From: Karl Denninger <karl_at_denninger.net>
Date: Fri, 09 Jul 2021 00:53:01 UTC
On 7/8/2021 18:11, Lutz Donnerhacke wrote:
> On Thu, Jul 08, 2021 at 05:38:35PM -0400, Karl Denninger wrote:
>> This is the only change I'm aware of in the build I just put on a firewall
>> that uses ipfw heavily, and it is not panic'ing quite regularly.
> The code was delayed considerably for MFC until such problems are
> identified, tested and solved (AFAIK) in main. The tests are also present in
> stable, and the CI system (jenkins) did not report any failure after MFCing.
>
>> I'll see if I can get a dump from it but that may be difficult as the
>> machine in question is a "small box" without attached storage (boots from
>> an SD card.)
> That would be really helpful. Most notably the bud I can't find easily are
> in the area of inbound redirection and protocol helpers.
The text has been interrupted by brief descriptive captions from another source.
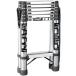  stainless steel steel flexible ladder step stool height 1.4~2.3m multifunction portable folding type going up and down withstand load 1000KG stable 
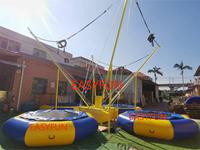 EASYFUN Trampoline gonflable populaire pour enfants avec lumières multicolores, trampoline de saut à l'élastique à vendre, jeu de carnaval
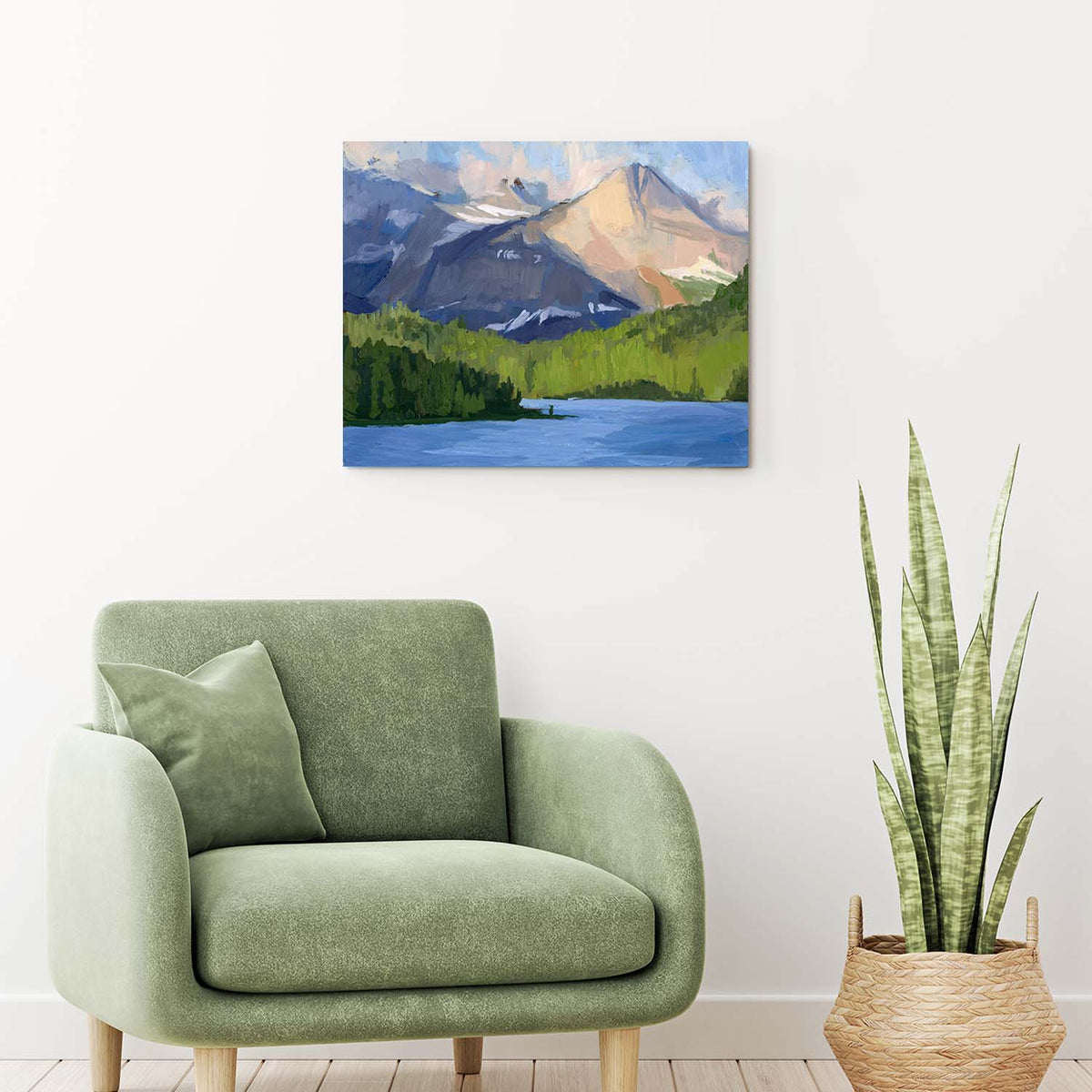 A Brilliant and Dramatic Sunrise at Many Glacier - Canvas Print by Emma Kelly | Art Bloom Canvas Art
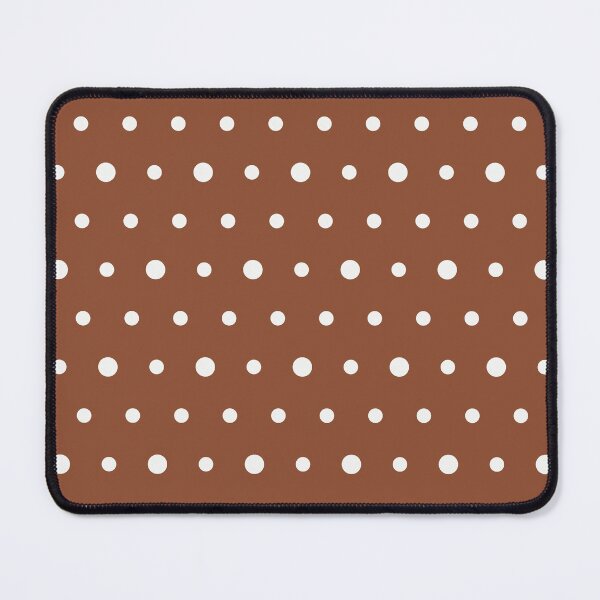 Item preview, Copper And White Polka Dot Pattern designed and sold by pattern-archive.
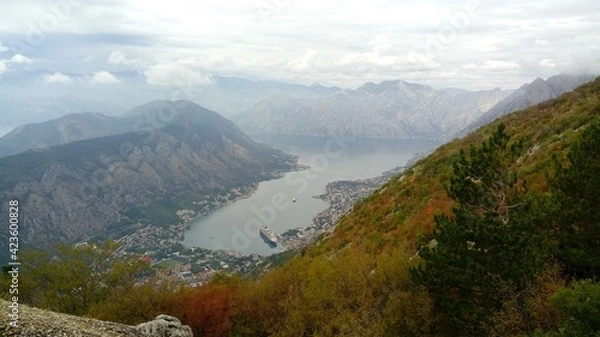 Obraz landscape with clouds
My use case is
> Carrier Grade NAT (outbound).

The box in question has a material number of "permanent" hole punch 
redirects for inbound links, to wit:

        ${fwcmd} nat 100 config if ${oif} log same_ports reset 
redirect_port tcp  ${fwd}:2552 2552 redirect_port tcp 
192.168.10.214:8080 8080 redirect_port tcp 192.168.10.203:443 4443 
redirect_port tcp 192.168.10.216:8080 8088 redirect_port
tcp ${fwd}:993 993 redirect_port tcp ${fwd}:4552 4552 redirect_port tcp 
${fwd}:imaps imaps redirect_port tcp ${fwd}:11443 11443 redirect_port 
tcp ${fwd}:80 80 redirect_port tcp ${fwd}:2200 22042

The kernel with the splay-tree improvements survives less than /five 
minutes /before it blows up -- repeatedly.  There is a client (on an 
Android phone) that maintains a connection via one of those 
(specifically, to the 10.214 ip) along with inbound email on 2552 from 
an off-site relay.

I will see if I can get at least a panic backtrace, although the 
impacted box is a pcEngines firewall that boots of an SD card.  An AMD 
box running the same rev but without any ipfw side of things running has 
been up for a couple of days without incident.  Odds are reasonably-high 
the splay tree changes are responsible since that's the "stand-out" 
difference between the two boxes.

-- 
Karl Denninger
karl@denninger.net <mailto:karl@denninger.net>
/The Market Ticker/
/[S/MIME encrypted email preferred]/